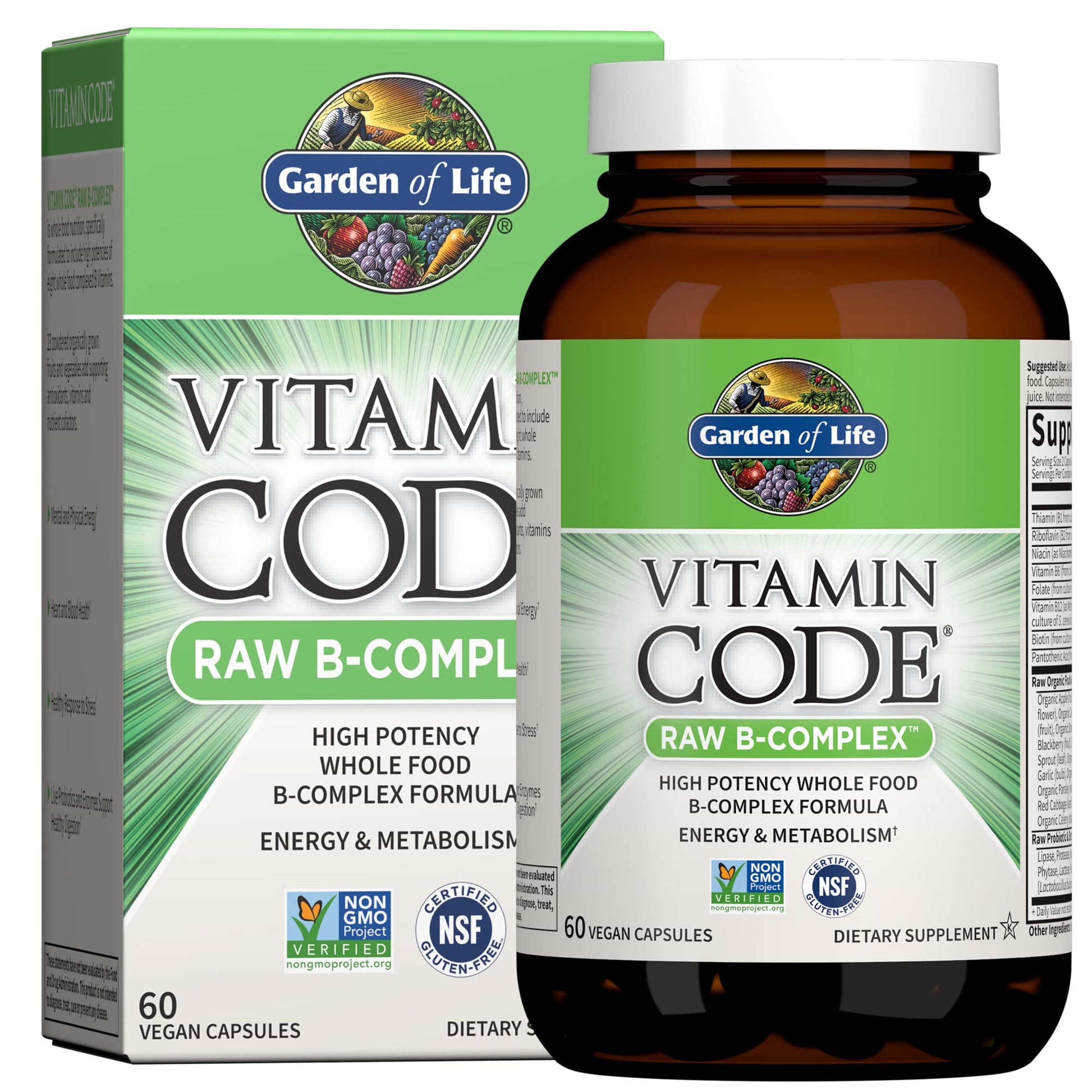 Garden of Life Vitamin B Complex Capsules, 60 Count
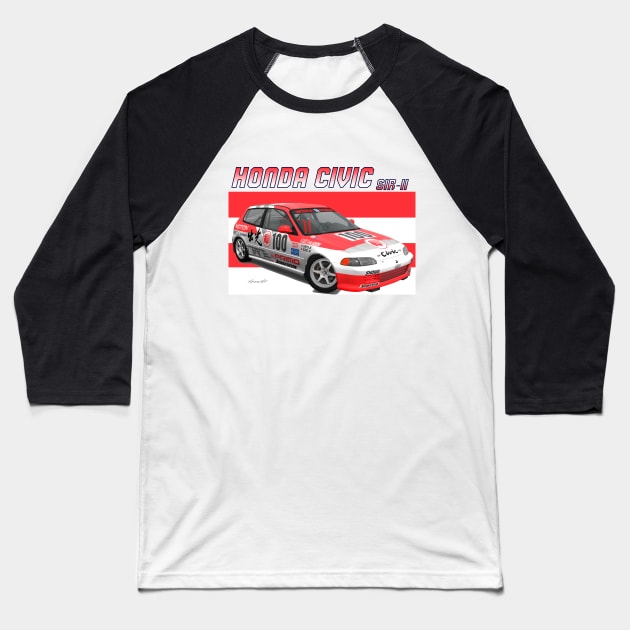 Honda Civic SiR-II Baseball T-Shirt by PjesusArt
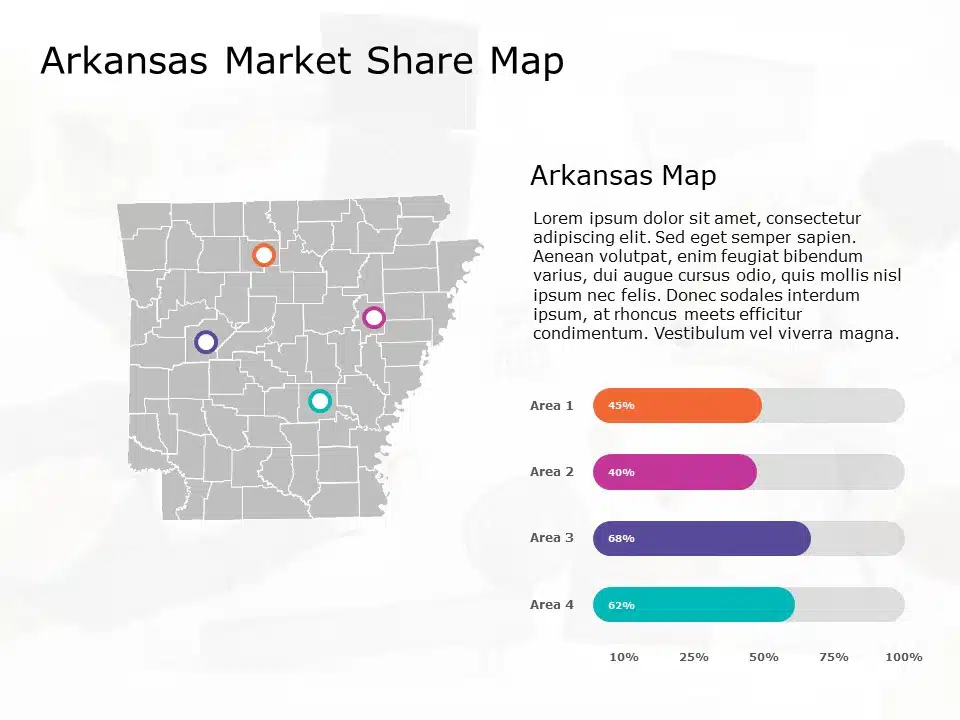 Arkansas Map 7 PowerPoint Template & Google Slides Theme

• • • •

> Try it
Print the listing again exactly, please. Keep the pictures out of it.

> Task solution
 Garden of Life Vitamin B Complex Capsules, 60 Count
 Honda Civic SiR-II Baseball T-Shirt by PjesusArt
 Arkansas Map 7 PowerPoint Template & Google Slides Theme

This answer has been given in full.